The frame rate of the video is 30 frames/second so the next data point was to try to slow the video down.
It is hard to count the individual frames, but it appears that the ball travels in 28 frames +/- 3 frames. This gives a time of 0.83-1.03 s. Again mean and median would support the claim. However, my camera does have a better option that I switched to.
The camera has a "Sports Mode" that takes a burst of up to 30 shots at a frame rate of about 13 frames/sec with the trade-off of low-quality images. Those images are in the slideshow that follows [click on the icon in the bottom right corner and then click on the album title on the new image to go to a larger version of this slideshow].

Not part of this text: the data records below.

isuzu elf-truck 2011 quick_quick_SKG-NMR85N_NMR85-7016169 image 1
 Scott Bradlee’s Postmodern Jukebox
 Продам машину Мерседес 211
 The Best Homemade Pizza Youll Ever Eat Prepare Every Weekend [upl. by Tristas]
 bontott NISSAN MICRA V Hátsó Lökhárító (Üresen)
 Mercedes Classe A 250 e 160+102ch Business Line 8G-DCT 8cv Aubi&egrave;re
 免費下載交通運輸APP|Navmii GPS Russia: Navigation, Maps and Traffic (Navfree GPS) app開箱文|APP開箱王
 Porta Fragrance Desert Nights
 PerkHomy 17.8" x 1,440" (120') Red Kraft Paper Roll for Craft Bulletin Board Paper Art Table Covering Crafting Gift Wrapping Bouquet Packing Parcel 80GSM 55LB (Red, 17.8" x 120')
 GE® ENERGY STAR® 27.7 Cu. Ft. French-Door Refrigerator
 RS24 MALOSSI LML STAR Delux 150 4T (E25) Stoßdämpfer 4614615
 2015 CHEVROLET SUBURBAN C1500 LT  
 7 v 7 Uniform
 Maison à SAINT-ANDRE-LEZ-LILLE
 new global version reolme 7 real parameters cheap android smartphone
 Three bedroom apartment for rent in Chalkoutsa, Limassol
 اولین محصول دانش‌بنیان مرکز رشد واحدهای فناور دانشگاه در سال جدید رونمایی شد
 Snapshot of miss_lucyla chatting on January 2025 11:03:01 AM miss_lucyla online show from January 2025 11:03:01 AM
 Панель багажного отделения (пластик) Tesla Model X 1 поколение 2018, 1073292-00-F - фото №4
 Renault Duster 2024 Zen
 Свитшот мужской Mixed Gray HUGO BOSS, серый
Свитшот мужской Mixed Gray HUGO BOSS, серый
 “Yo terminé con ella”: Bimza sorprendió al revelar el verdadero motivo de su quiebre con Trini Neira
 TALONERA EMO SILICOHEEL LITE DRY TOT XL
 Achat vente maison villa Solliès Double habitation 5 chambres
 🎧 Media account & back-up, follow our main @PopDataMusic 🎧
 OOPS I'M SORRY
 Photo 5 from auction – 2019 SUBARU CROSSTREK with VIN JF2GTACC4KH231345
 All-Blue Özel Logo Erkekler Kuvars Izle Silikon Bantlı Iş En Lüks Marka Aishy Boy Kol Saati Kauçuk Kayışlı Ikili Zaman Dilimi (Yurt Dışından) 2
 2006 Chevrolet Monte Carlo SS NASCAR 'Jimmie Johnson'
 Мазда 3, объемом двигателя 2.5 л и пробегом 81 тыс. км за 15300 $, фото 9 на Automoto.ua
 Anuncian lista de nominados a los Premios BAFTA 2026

Again, counting together in class we came up with 12 frames +/- 2 per pitch. Again giving us values that are borderline low but with included uncertainty the claim could be true or false (0.77-1.08).
Of course, we had the stopwatches with us also and recorded all of that data, although the recorder did not include who each time came from or which pitch was which. That data is in the table that follows, and all seems to indicate that the pitch is faster than 1 second, but if we factor in the students' reaction times these values again fall within a narrow border around 1 second.
This leads us to two options. The first one is unsatisfactory, but to concede that the student can pitch faster because the data tends to indicate the low side of 1 second rather than the high side and would average out to be less than 1 second. Or, we can attempt to find a better way to measure the speed of the ball, which allows us to extend the activity and debate a little longer and come to a more firm and decisive conclusion.
A radar gun would be nice, but we don't have access to one. Another option is to use motion sensors, but again we're limited by access as well as the ability of the devices to detect such a small object. The final option is to film the release of the ball up close and instead attempt to determine the speed of the ball and from there calculate the travel time. To this end we are setting up a contrasting background and a well lit area for filming this and will attempt to film it and then analyze the video.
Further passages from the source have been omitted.